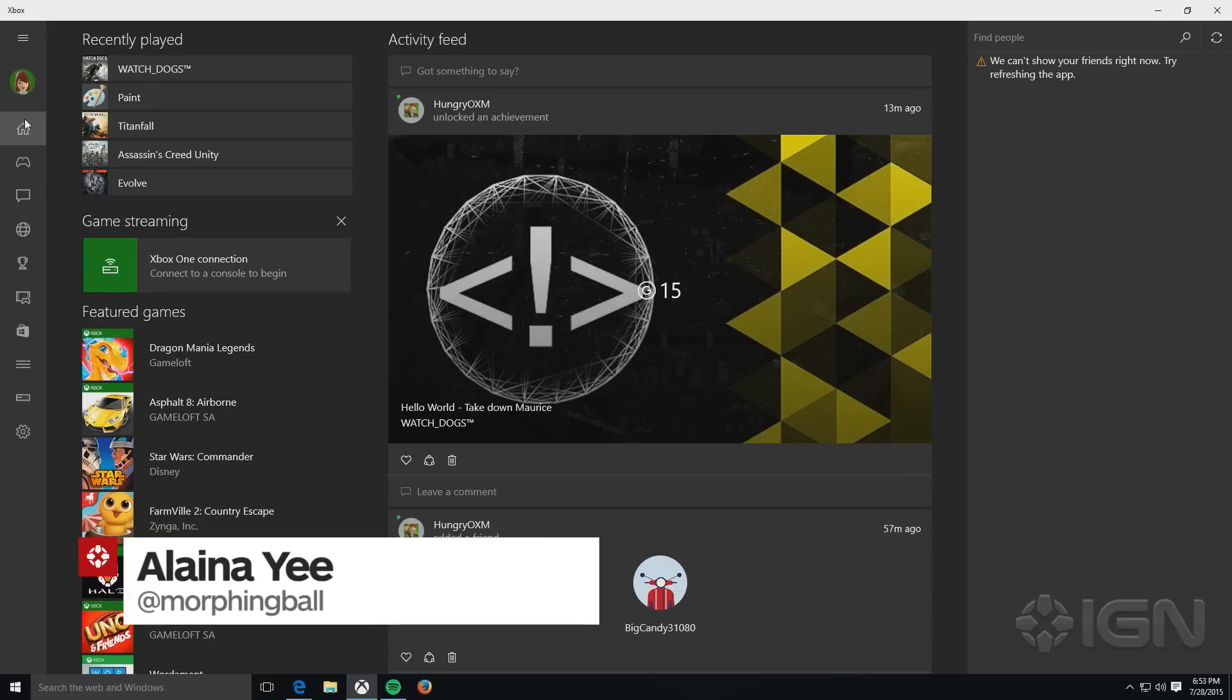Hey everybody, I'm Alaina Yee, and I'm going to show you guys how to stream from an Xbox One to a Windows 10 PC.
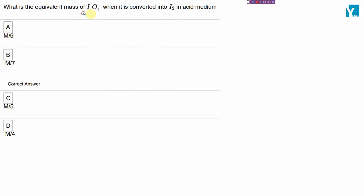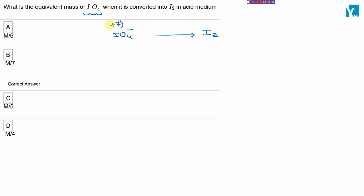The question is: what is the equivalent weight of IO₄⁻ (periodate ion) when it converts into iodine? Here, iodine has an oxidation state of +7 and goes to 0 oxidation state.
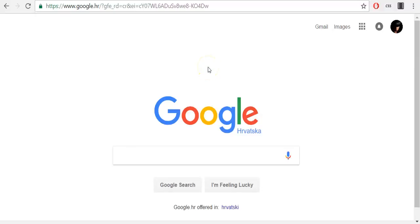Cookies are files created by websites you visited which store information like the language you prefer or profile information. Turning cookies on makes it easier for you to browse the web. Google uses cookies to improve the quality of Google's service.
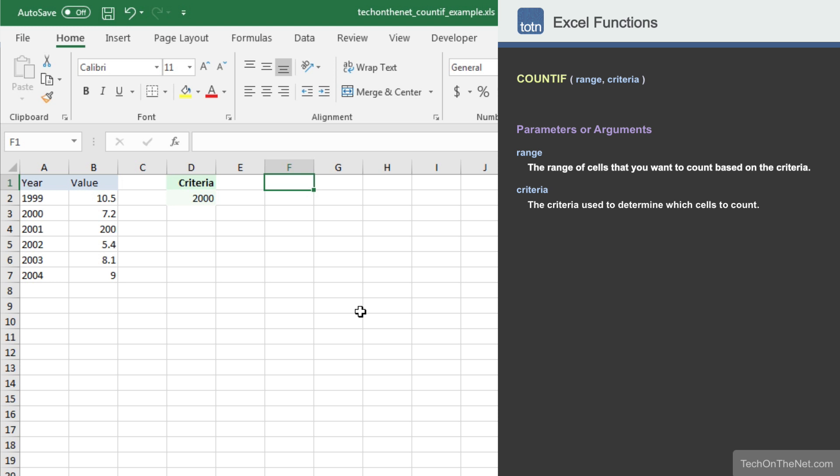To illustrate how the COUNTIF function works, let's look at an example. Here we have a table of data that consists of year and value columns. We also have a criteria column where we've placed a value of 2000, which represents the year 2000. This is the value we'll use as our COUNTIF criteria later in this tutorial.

****

Problem statement
Reproduce the listing verbatim, and keep the pictures out of the copy.

Problem solution
Hey everybody, I'm Alaina Yee, and I'm going to show you guys how to stream from an Xbox One to a Windows 10 PC.
The question is: what is the equivalent weight of IO₄⁻ (periodate ion) when it converts into iodine? Here, iodine has an oxidation state of +7 and goes to 0 oxidation state.
Cookies are files created by websites you visited which store information like the language you prefer or profile information. Turning cookies on makes it easier for you to browse the web. Google uses cookies to improve the quality of Google's service.
To illustrate how the COUNTIF function works, let's look at an example. Here we have a table of data that consists of year and value columns. We also have a criteria column where we've placed a value of 2000, which represents the year 2000. This is the value we'll use as our COUNTIF criteria later in this tutorial.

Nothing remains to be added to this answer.